Excluding pictures, retype exactly the lines from the one with "new 2025 Ford Mustang car, priced at $41,000" through the end of the records that follow.

## Material for this exercise

····················

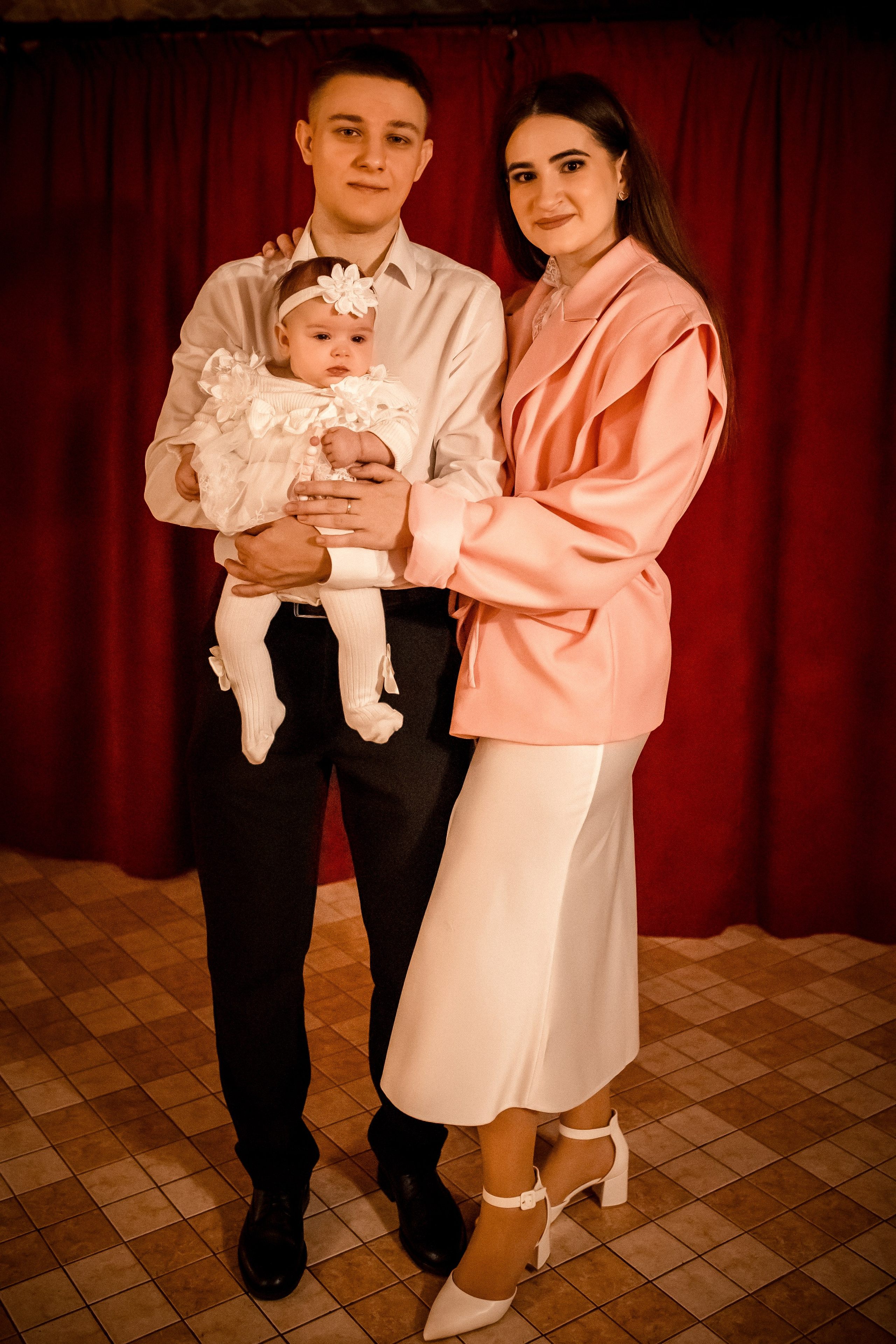 Крещение Эмилии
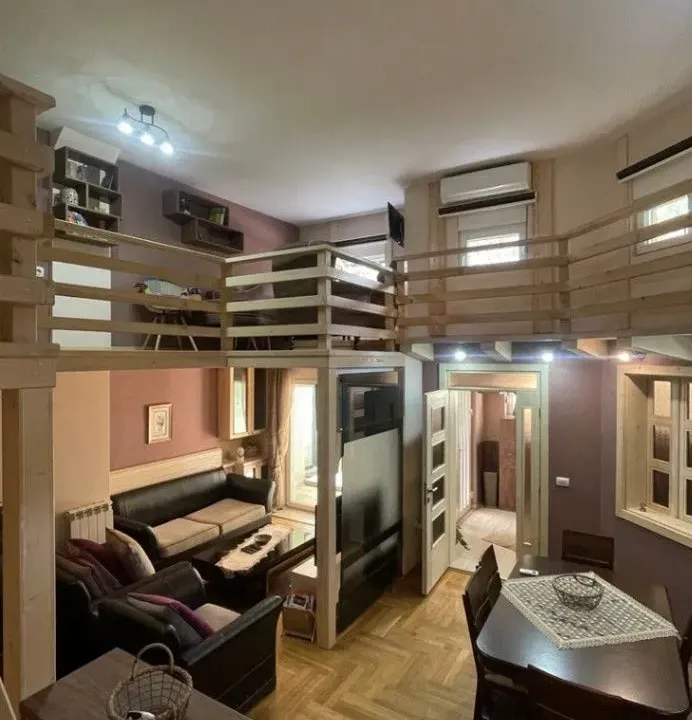 Prodaja, jednosoban stan, 72m², Zabjelo, Podgorica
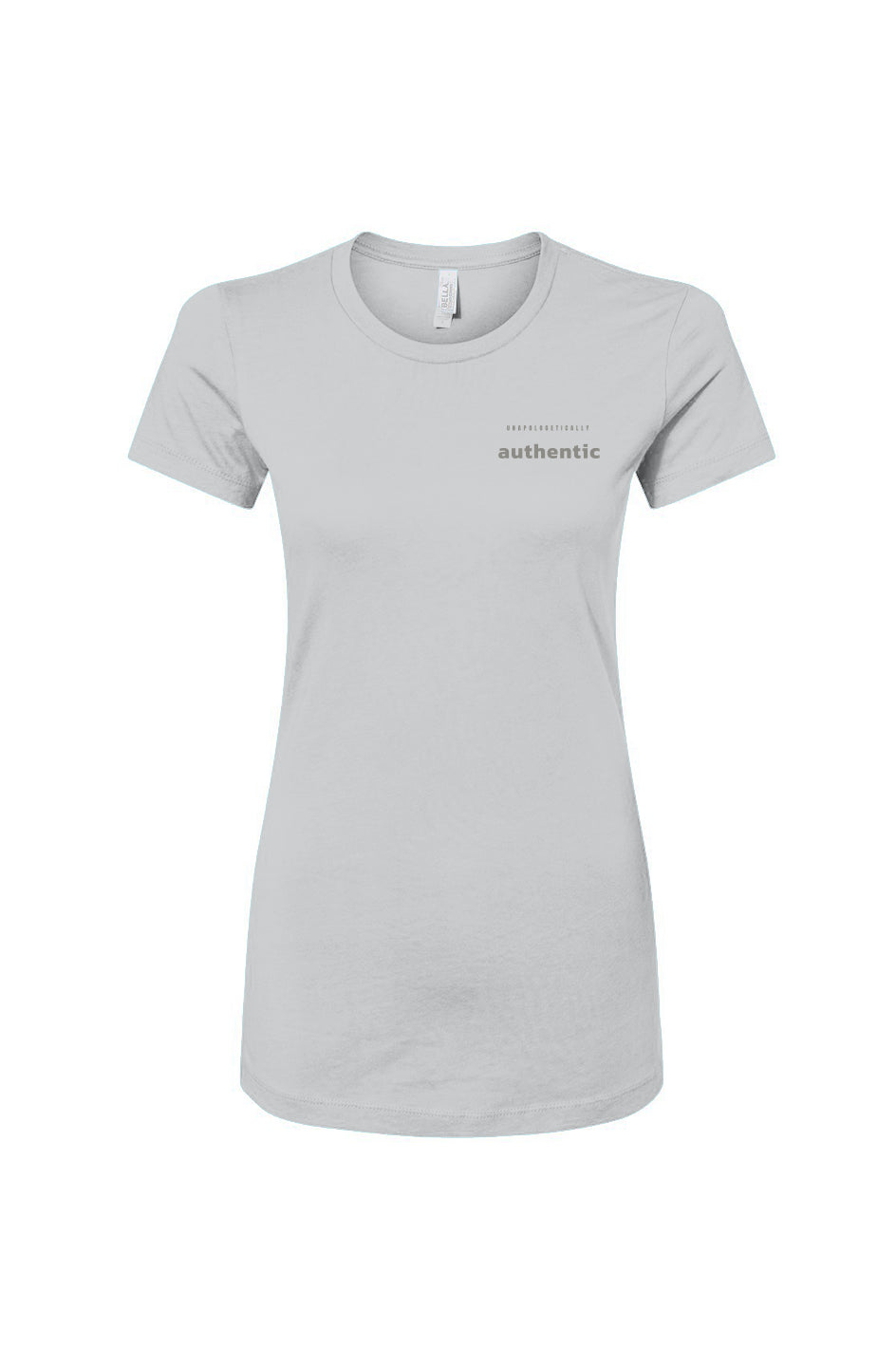 The Authentic Collections: Women's Premium T-Shirt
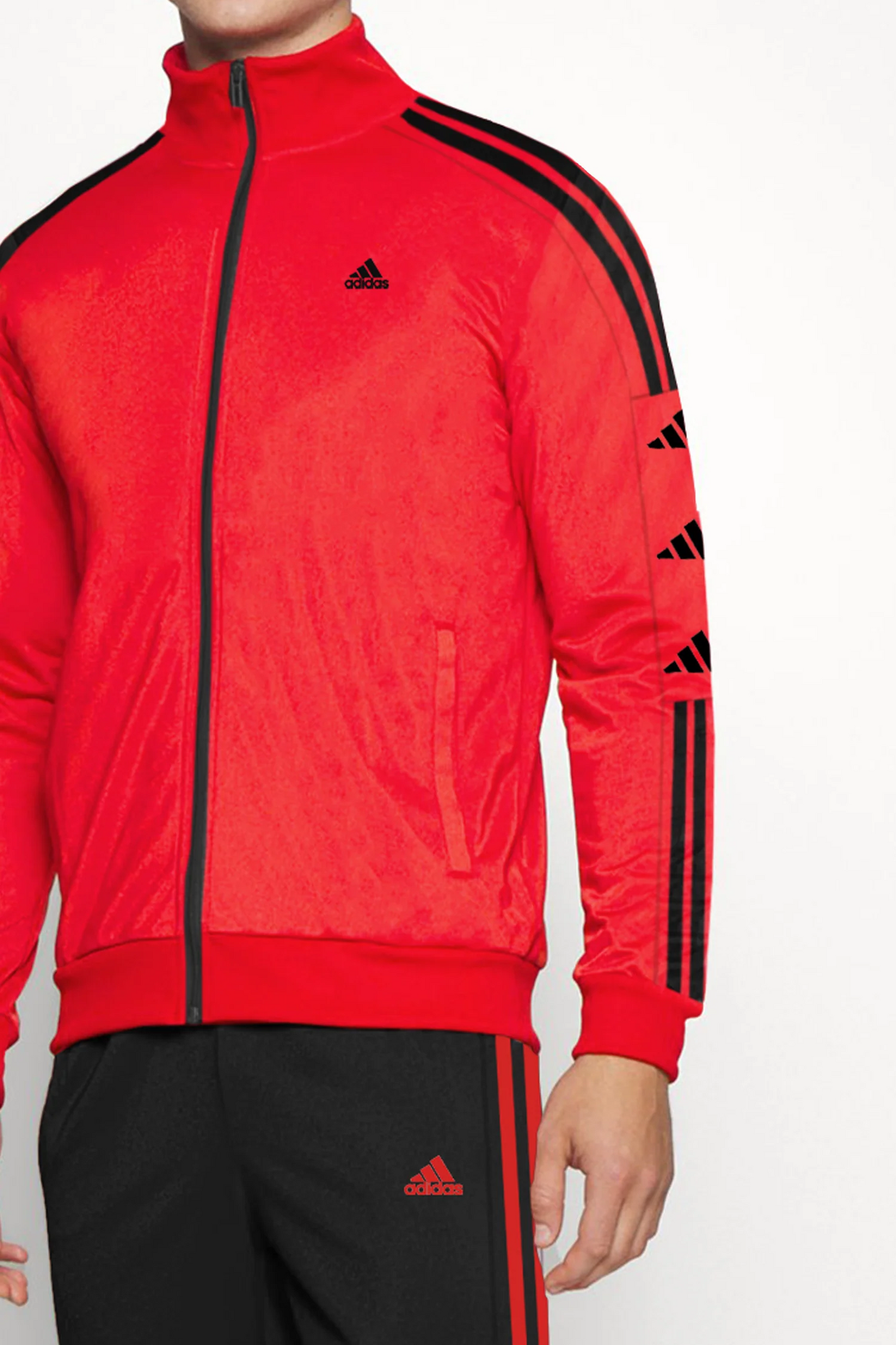 unisex premium quality tracksuit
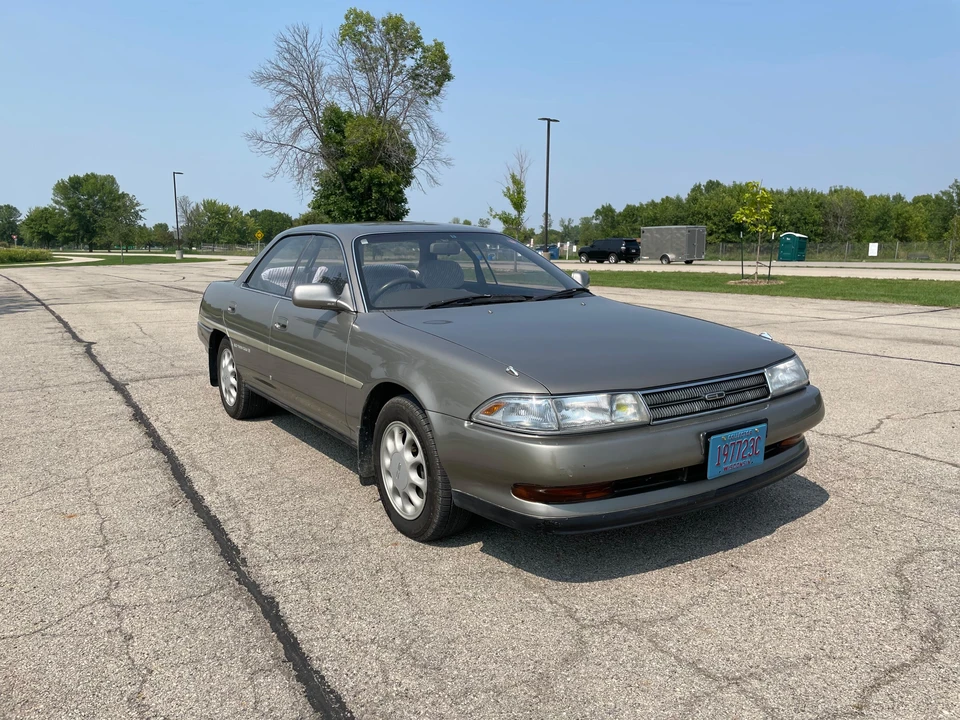 1990 Toyota Carina 5th Gen - Image 30 of 31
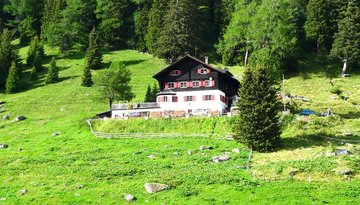 Alpenvereinshütte Meissner Haus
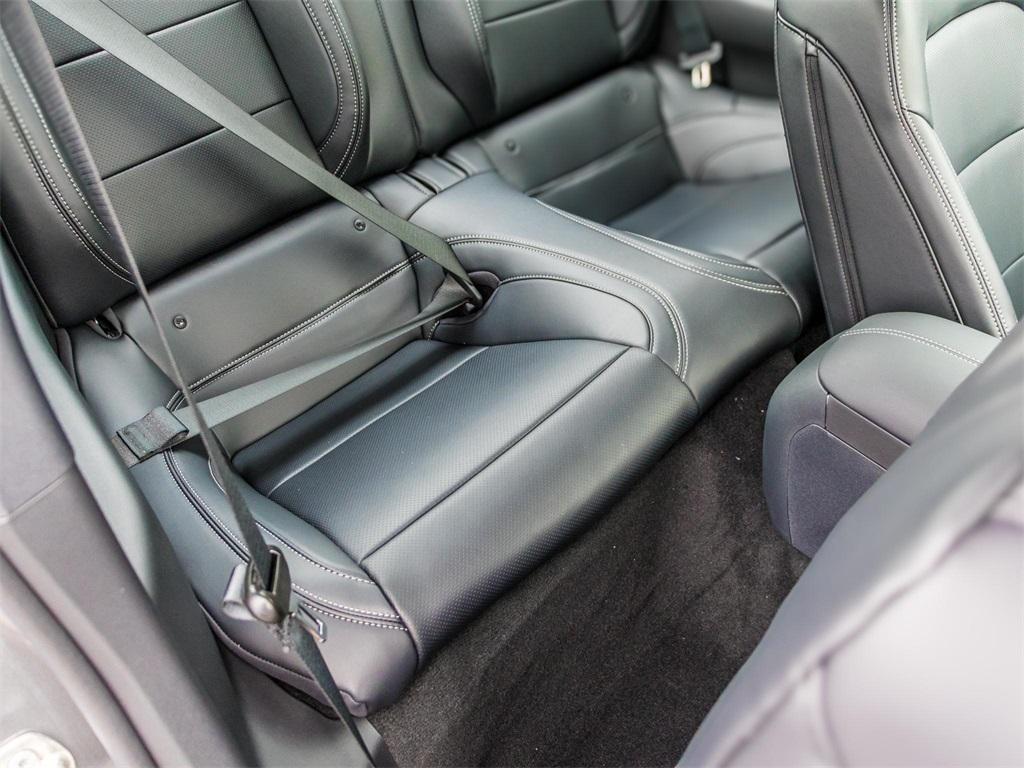 new 2025 Ford Mustang car, priced at $41,000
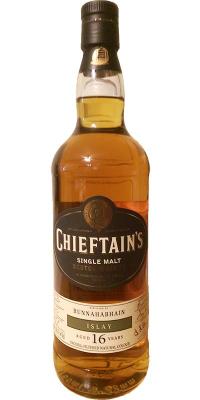 Bunnahabhain 1997 IM Chieftain's K&L Wine Merchants 56.1% 750ml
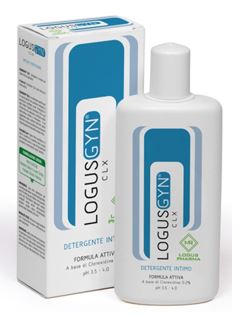 LOGUSGYN CLX DETERGENTE INTIMO 250 ML - maxifarmacia.it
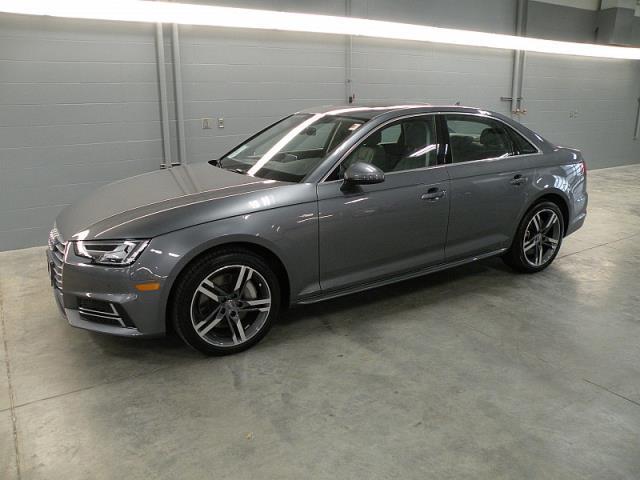 2018 audi a4 2.0t quattro premium plus awd 2.0t quattro premium plus 4dr sedan 7a for sale in sioux falls, south dakota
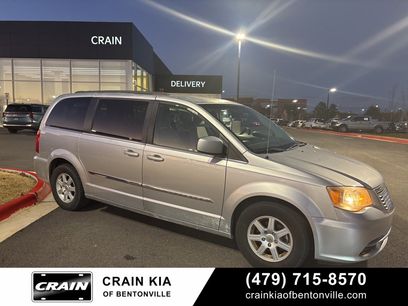 Used 2012 Chrysler Town & Country Touring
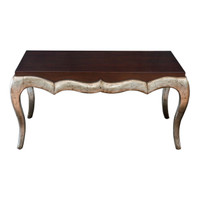 Verena Champagne Coffee Table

····················

## Task result
 new 2025 Ford Mustang car, priced at $41,000
 Bunnahabhain 1997 IM Chieftain's K&L Wine Merchants 56.1% 750ml
 LOGUSGYN CLX DETERGENTE INTIMO 250 ML - maxifarmacia.it
 2018 audi a4 2.0t quattro premium plus awd 2.0t quattro premium plus 4dr sedan 7a for sale in sioux falls, south dakota
 Used 2012 Chrysler Town & Country Touring
 Verena Champagne Coffee Table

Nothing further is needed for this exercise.